7.2 La protection de la concurrence

La protection de la concurrence au Brésil, quoiqu’elle existe sous une forme encore peu développée, remonte aux années 30[15]. Cependant, ce n’est qu’en 1994 que les lois et les autorités administratives compétentes ont trouvé un climat et des outils favorables à l’élaboration d’une politique efficace de l’État sur cette question : la Loi no 8.884/94[16] est entrée en vigueur au moment de la stabilisation de la monnaie après une période d’inflation violente dans un marché ouvert, et au commencement de la réorganisation des institutions consécutive à l’entrée en vigueur de la Constitution démocratique de 1988.

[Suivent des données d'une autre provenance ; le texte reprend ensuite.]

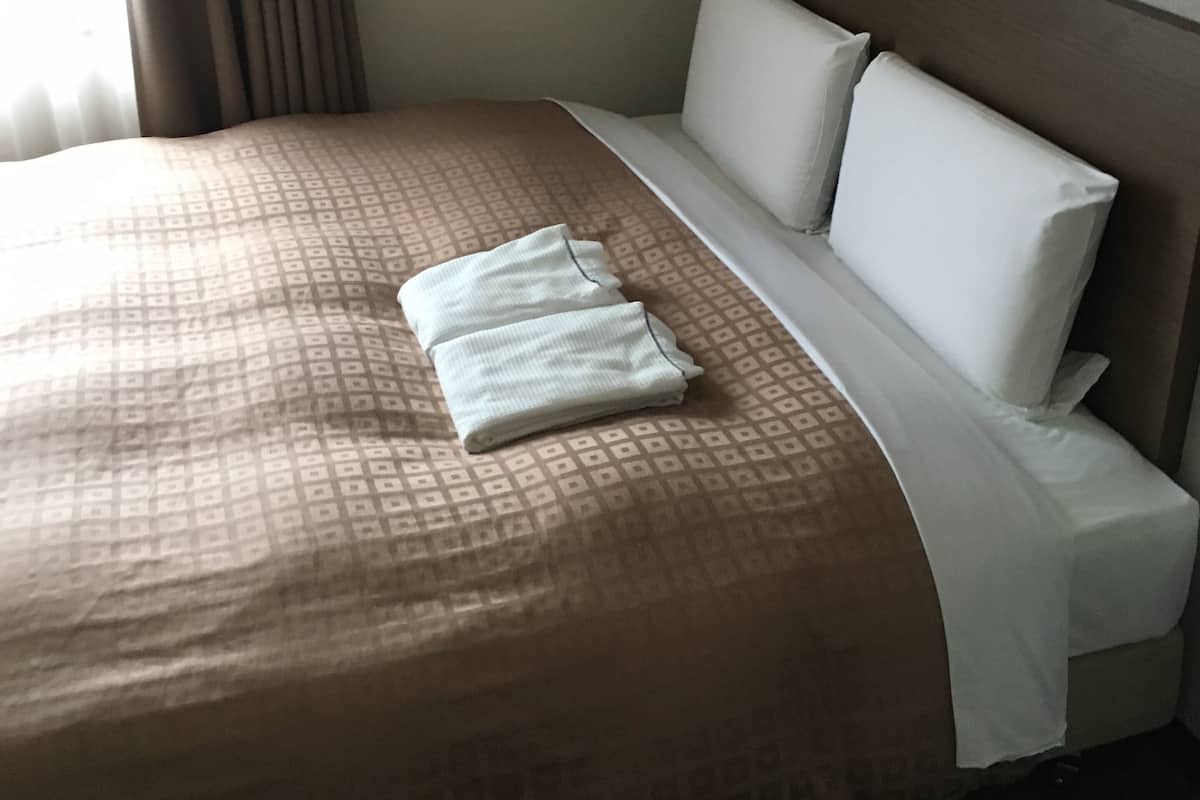 Ein Hotelzimmer mit einem aufgereihten Bett, einem Kopfteil und einem Fenster mit Vorhängen.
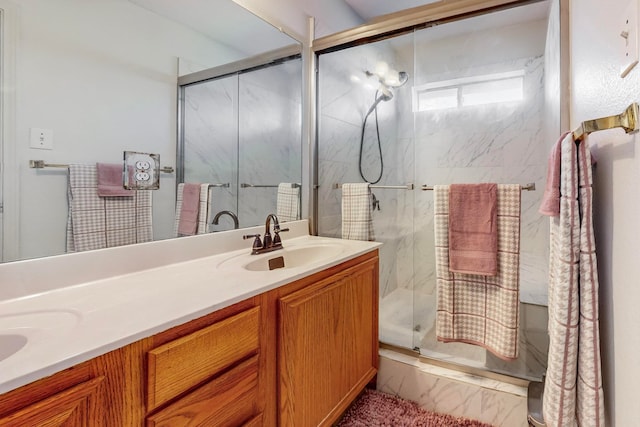 bathroom with vanity and a shower with shower door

Appropriée au moment de sa création, cette loi, après presque deux décennies d’application, s’est révélée peu efficace par rapport aux réalités nouvelles : l’autorité administrative responsable exigeait une nouvelle structure susceptible de la renforcer et de mieux l’outiller pour faire face aux pratiques novatrices. En outre, il était nécessaire de la doter de nouveaux mécanismes en vue de rendre ses actions plus efficaces. C’est ce qui a conduit à l’adoption de la Loi no 12.529/2011[17] qui restructure ce qui est appelé le « système brésilien de protection de la concurrence ». Ce texte aborde la concurrence elle-même de manière plus sensible aux réalités actuelles. Au terme du délai de 180 jours de vacatio legis, la nouvelle loi est entrée en vigueur en juin 2012. Son objectif est clairement de moderniser la politique nationale pour répondre plus précisément aux dysfonctionnements induits par les pratiques anticoncurrentielles actuelles.

7.3 La protection de la propriété intellectuelle

Le régime brésilien de la propriété intellectuelle, objet d’une loi[18] appliquée par une autorité administrative spécialisée, fait face à des problèmes nouveaux, en particulier en ce qui concerne son interrelation avec les questions de concurrence, compte tenu des objectifs nationaux et des valeurs constitutionnelles mis en cause.

Le débat a notamment été lancé par une affaire en cours devant le Conseil responsable de l’application de la Loi sur la protection de la concurrence[19], soit l’« affaire des pièces automobiles ». Celle-ci oblige à revoir les limites et le rôle de la politique nationale de protection de la propriété intellectuelle dans la poursuite du développement économique du pays et sa convergence avec d’autres politiques publiques.

Conclusion

On assiste actuellement dans le monde (et au Brésil en particulier) à la révision et à la modification du rôle de l’État par rapport à l’économie. Des initiatives de révision et d’adaptation des politiques publiques, notamment celles qui traitent de l’économie, doivent être constamment relancées et leurs conclusions mises en oeuvre en temps opportun, ce qui peut se révéler très exigeant.

Dans le cas précis du Brésil, les politiques et les lois fédérales qui, dans le cadre fixé par la Constitution, constituent les fondements de l’économie de marché sont manifestement en pleine révision. Les lois des années 90, adoptées en fonction de cette étape du développement économique du pays, semblent aujourd’hui dépassées et appellent un réexamen de leur finalité initiale.